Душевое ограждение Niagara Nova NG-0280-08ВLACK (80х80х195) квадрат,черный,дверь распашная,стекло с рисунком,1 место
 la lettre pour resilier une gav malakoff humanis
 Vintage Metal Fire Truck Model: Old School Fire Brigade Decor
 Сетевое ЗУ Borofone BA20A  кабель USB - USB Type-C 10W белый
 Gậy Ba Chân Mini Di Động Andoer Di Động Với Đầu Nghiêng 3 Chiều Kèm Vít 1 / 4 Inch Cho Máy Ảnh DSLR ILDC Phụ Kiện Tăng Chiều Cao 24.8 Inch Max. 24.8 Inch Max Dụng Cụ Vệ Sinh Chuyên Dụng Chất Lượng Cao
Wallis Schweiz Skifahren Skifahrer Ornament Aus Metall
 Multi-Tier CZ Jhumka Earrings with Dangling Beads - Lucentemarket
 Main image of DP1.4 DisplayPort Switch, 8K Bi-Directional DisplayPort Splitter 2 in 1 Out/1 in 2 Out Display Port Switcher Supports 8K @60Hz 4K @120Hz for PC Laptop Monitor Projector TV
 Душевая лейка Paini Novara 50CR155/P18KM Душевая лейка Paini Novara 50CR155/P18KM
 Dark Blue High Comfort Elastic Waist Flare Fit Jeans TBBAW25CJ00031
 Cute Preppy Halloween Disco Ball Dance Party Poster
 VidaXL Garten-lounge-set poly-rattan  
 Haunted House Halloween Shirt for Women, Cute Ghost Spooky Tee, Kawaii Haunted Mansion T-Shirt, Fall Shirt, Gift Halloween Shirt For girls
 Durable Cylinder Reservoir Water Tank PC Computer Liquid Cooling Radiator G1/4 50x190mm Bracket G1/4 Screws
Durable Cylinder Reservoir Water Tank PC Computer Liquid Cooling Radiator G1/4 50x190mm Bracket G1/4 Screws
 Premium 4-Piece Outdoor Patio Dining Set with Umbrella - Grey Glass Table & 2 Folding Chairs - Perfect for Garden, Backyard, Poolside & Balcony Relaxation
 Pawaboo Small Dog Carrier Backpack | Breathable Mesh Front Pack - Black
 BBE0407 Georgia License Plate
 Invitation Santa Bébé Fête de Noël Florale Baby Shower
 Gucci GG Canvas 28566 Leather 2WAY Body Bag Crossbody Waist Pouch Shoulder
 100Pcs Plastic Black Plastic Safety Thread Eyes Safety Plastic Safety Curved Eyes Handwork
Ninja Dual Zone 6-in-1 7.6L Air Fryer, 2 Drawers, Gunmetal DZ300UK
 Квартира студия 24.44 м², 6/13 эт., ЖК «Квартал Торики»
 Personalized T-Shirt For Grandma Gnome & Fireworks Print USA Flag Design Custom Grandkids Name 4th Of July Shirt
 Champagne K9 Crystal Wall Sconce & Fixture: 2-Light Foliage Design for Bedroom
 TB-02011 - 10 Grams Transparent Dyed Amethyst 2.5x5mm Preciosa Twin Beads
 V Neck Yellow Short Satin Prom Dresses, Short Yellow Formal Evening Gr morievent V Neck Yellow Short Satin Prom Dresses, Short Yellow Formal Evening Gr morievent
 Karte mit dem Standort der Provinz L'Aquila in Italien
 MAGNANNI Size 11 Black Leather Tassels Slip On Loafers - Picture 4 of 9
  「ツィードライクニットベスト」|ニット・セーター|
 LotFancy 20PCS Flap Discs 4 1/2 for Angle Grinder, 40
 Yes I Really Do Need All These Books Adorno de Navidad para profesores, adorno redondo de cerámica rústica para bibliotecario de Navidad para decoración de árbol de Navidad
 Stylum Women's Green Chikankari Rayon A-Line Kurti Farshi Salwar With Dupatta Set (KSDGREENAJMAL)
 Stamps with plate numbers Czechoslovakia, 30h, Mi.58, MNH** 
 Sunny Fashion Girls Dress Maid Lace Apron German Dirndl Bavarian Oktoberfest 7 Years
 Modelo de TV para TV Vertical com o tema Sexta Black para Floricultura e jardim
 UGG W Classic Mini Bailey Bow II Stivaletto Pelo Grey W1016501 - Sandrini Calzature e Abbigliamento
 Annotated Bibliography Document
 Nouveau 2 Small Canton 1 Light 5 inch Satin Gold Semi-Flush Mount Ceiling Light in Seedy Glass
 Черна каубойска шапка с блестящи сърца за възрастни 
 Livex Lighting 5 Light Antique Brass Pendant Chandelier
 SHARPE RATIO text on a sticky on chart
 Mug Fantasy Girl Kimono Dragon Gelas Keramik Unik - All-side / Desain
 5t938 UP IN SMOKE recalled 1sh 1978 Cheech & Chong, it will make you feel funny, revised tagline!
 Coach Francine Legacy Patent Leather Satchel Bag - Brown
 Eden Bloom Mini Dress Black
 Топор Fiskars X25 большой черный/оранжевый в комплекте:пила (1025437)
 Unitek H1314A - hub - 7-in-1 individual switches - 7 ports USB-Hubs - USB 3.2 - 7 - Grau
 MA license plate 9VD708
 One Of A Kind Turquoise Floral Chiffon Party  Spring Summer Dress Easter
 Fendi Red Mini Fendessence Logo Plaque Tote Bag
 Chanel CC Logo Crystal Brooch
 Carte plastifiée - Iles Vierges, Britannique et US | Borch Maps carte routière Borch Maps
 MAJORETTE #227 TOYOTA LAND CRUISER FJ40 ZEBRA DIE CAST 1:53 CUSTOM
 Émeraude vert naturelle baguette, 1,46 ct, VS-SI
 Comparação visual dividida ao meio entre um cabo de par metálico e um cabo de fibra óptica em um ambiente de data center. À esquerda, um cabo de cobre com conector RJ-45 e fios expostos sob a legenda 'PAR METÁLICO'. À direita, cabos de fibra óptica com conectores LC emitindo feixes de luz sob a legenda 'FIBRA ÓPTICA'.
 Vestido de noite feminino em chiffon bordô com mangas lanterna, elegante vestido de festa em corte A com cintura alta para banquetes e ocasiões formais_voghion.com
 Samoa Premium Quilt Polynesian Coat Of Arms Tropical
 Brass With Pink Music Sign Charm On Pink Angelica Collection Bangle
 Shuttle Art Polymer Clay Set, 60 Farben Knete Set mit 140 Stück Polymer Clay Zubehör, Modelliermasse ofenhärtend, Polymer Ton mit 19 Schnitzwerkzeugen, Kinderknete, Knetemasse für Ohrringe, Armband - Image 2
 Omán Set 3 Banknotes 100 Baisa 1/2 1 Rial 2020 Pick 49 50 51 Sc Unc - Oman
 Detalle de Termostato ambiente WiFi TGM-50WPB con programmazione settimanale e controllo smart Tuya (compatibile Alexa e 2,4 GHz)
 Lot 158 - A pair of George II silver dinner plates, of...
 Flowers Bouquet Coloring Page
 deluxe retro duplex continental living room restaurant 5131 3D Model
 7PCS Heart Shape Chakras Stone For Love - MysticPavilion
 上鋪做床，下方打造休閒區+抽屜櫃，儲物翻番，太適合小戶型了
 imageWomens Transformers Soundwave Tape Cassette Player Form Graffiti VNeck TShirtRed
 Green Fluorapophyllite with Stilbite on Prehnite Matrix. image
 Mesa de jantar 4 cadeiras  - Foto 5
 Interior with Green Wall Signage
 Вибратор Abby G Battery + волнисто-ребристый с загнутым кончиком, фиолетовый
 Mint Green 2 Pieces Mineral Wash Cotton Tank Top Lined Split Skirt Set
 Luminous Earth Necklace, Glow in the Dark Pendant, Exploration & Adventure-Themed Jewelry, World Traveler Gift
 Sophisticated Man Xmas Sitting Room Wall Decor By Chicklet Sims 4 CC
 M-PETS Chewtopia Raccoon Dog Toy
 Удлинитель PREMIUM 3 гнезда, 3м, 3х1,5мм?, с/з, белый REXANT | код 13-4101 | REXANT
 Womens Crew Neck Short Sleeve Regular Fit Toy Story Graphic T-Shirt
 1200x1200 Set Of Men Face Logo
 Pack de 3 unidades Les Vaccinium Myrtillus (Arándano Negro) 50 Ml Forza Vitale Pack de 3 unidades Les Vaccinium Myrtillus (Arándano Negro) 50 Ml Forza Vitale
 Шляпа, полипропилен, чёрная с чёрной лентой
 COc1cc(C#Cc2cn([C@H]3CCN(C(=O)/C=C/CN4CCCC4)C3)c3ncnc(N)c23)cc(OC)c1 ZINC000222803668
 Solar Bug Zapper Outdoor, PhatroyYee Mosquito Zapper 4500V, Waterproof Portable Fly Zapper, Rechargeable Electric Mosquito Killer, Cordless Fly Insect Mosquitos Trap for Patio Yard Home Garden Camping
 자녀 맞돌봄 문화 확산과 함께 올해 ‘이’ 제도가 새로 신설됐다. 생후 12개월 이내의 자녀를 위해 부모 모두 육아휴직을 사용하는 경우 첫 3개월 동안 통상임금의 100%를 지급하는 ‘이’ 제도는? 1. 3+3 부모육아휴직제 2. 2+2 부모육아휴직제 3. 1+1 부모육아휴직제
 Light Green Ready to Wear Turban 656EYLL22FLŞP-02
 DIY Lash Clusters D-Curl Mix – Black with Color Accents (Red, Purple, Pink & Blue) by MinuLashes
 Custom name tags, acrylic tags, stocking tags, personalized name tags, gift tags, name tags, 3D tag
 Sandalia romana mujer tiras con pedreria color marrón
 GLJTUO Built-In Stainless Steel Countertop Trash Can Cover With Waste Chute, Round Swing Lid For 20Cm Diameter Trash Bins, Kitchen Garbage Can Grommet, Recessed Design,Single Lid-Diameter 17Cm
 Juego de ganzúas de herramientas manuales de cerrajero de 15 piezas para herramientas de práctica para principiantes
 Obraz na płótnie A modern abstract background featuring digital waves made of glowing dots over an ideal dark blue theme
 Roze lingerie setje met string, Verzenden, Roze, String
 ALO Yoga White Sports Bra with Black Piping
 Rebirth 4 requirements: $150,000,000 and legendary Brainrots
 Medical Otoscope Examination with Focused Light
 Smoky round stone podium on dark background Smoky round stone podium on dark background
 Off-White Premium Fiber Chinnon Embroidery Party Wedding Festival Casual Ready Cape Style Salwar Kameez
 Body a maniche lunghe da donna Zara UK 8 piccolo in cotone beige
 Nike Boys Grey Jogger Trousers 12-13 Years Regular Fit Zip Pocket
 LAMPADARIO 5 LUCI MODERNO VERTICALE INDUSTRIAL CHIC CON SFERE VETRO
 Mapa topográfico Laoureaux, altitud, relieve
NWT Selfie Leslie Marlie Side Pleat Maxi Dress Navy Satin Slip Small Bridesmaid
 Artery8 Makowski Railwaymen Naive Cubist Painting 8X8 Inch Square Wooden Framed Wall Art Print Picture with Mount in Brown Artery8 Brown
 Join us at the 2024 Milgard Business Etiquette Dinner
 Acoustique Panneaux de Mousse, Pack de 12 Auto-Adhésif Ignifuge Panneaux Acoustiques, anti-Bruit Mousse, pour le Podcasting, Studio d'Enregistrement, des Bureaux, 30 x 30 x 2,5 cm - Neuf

++++++++++++++++++++

ACTION ITEM: Your answer should be each line from the entries that includes the string "Slip".

WRITTEN ANSWER:
 MAGNANNI Size 11 Black Leather Tassels Slip On Loafers - Picture 4 of 9
NWT Selfie Leslie Marlie Side Pleat Maxi Dress Navy Satin Slip Small Bridesmaid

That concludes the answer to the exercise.